# Segment 27 Sanmit Narvekar

Jump to navigation Jump to search

## Segment 27

#### To Calculate

The file Media:Mixturevals.txt contains 1000 values, each drawn either with probability $\displaystyle c$ from the distribution $\displaystyle \text{Exponential}(\beta)$ (for some constant $\displaystyle \beta$ ), or otherwise (with probability $\displaystyle 1-c$ ) from the distribution $\displaystyle p(x) = (2/\pi)/(1+x^2),\; x>0$ .

1. Write down an expression for the probability of the file's data given some values for the parameters $\displaystyle \beta$ and $\displaystyle c$ .

For each data point, the probability of seeing it is the probability that it came from one of the two distributions. Since it comes from the exponential with probability c, and the other mixture p(x) with probability (1-c), the probability is a weighted mixture of the two. Then to find the probability for the whole dataset, we take a product over the dataset, as follows:

$\displaystyle P(data | \beta, c) = \prod_{i=1}^{1000} c * \text{Exponential}(x_i, \beta) + (1-c) * p(x_i)$

Where $\displaystyle p(x_i)$ is the probability of a point under the distribution given above (the exponential is likewise evaluated at x_i).

2. Calculate numerically the maximum likelihood values of $\displaystyle \beta$ and $\displaystyle c$ .

To avoid underflow, we instead calculate the log maximum likelihood estimates:

$\displaystyle \log P(data | \beta, c) = \sum_{i=1}^{1000} \log(c * \text{Exponential}(x_i, \beta) + (1-c) * p(x_i))$

Here is the code in Matlab. Instead of maximizing the log-likelihood, we will be minimizing the negative log-likelihood:


% Load data
data = load('Mixturevals.txt');

% P distribution
px = @(x) ((2 / pi) ./ (1 + x.^2));

% Mixture distribution
nlmixtureFunction = @(p) (-sum(log( (p(2) .* exppdf(data, 1 ./ p(1))) + ((1-p(2)) .* px(data)))));

% MLE estimates
initGuess = [1 0.5];
params = fminsearch(nlmixtureFunction, initGuess);

beta = params(1)
c = params(2)



This gives:


beta =

0.6652

c =

0.3595



3. Estimate numerically the Bayes posterior distribution of $\displaystyle \beta$ , marginalizing over $\displaystyle c$ as a nuisance parameter. (You'll of course have to make some assumption about priors.)

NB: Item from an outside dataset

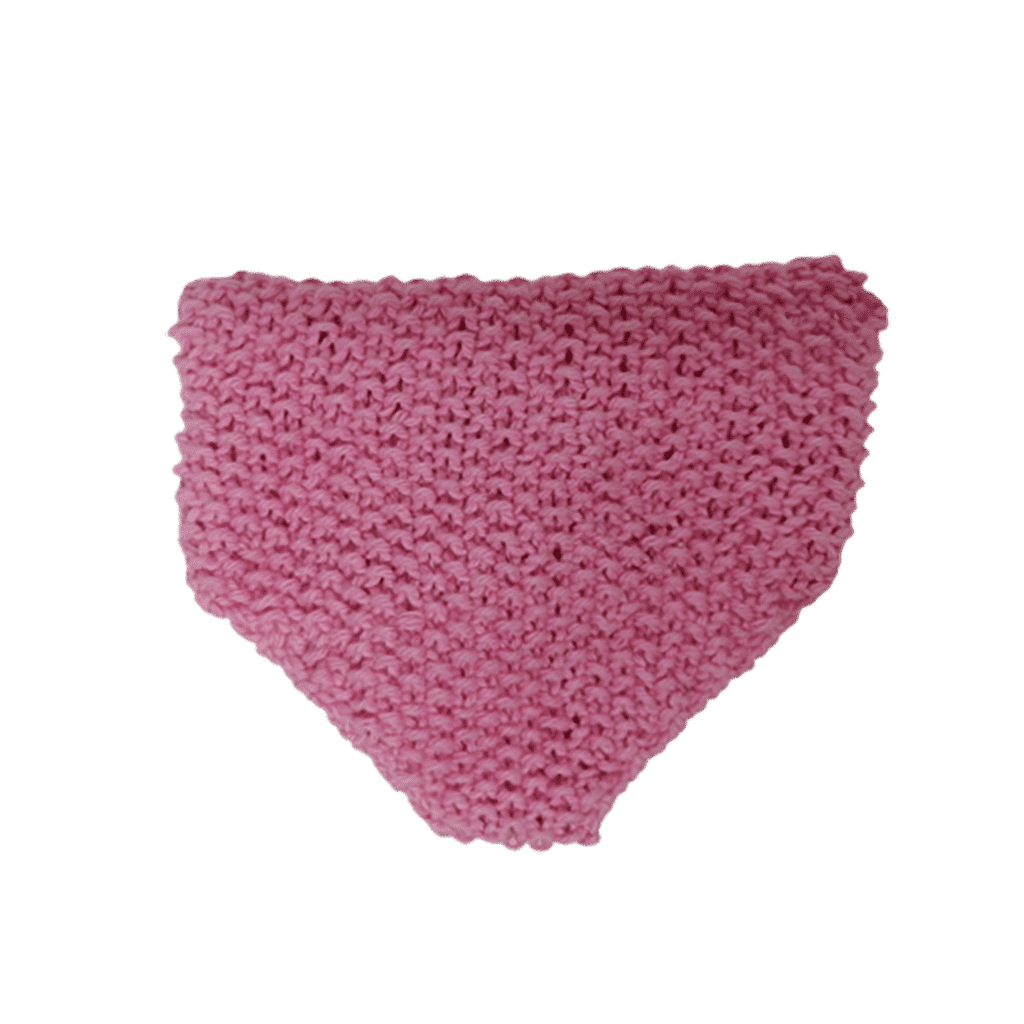 détail maillot de bain en tricot rose littlemarmaille sur fond blanc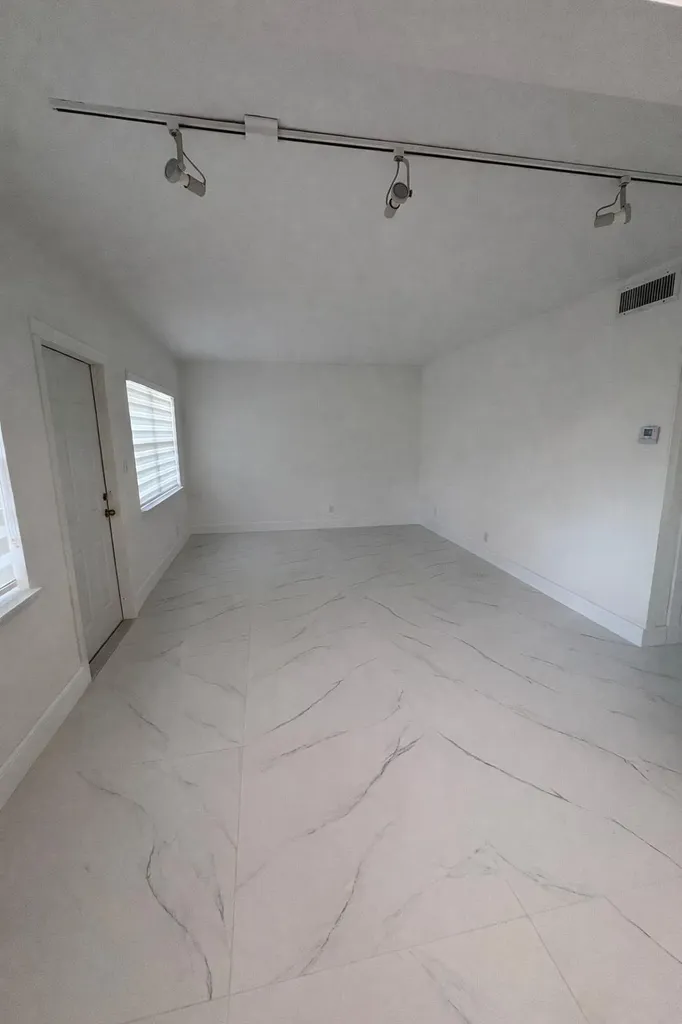 5050 Bayview Drive Fort Lauderdale FL 33308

We assume a uniform prior, which gives the following posterior distribution over beta:

$\displaystyle P(\beta | data) = \int_0^1 P(\beta, c | data)$

To evaluate this numerically, we densely sample the probabilities for different values of beta and c, and marginalize (i.e. sum) over the c's for a particular beta. Here is the MATLAB code:

mixtureFunction = @(p) (sum(log( (p(2) .* exppdf(data, 1 ./ p(1))) + ((1-p(2)) .* px(data)))));

gridB = (0.01:0.01:1);
gridC = 0:0.01:1;

[meshB, meshC] = meshgrid(gridB, gridC);
probs = zeros(size(meshB));

% Populate all the values -- there is probably a better way to write
% this...
for r=1:size(meshB, 1)
for c=1:size(meshB, 2)
probs(r, c) = mixtureFunction([meshB(r, c), meshC(r, c)]);
end
end

% Rescale so that the values don't underflow and we get a "nice looking" distribution
probs = exp(probs - max(max(probs)));

% Marginalize out c
betaPosterior = sum(probs);
plot(gridB, betaPosterior)



And here is the resulting posterior distribution:

The maximum value occurs at 0.66, which is only different from the MLE estimate due to discretization.

#### To Think About

1. In problem 3, above, you assumed some definite prior for $\displaystyle c$ . What if $\displaystyle c$ is itself drawn (just once for the whole data set) from a distribution $\displaystyle \text{Beta}(\mu,\nu)$ , with unknown hyperparameters $\displaystyle \mu,\nu$ . How would you now estimate the Bayes posterior distribution of $\displaystyle \beta$ , marginalizing over everything else?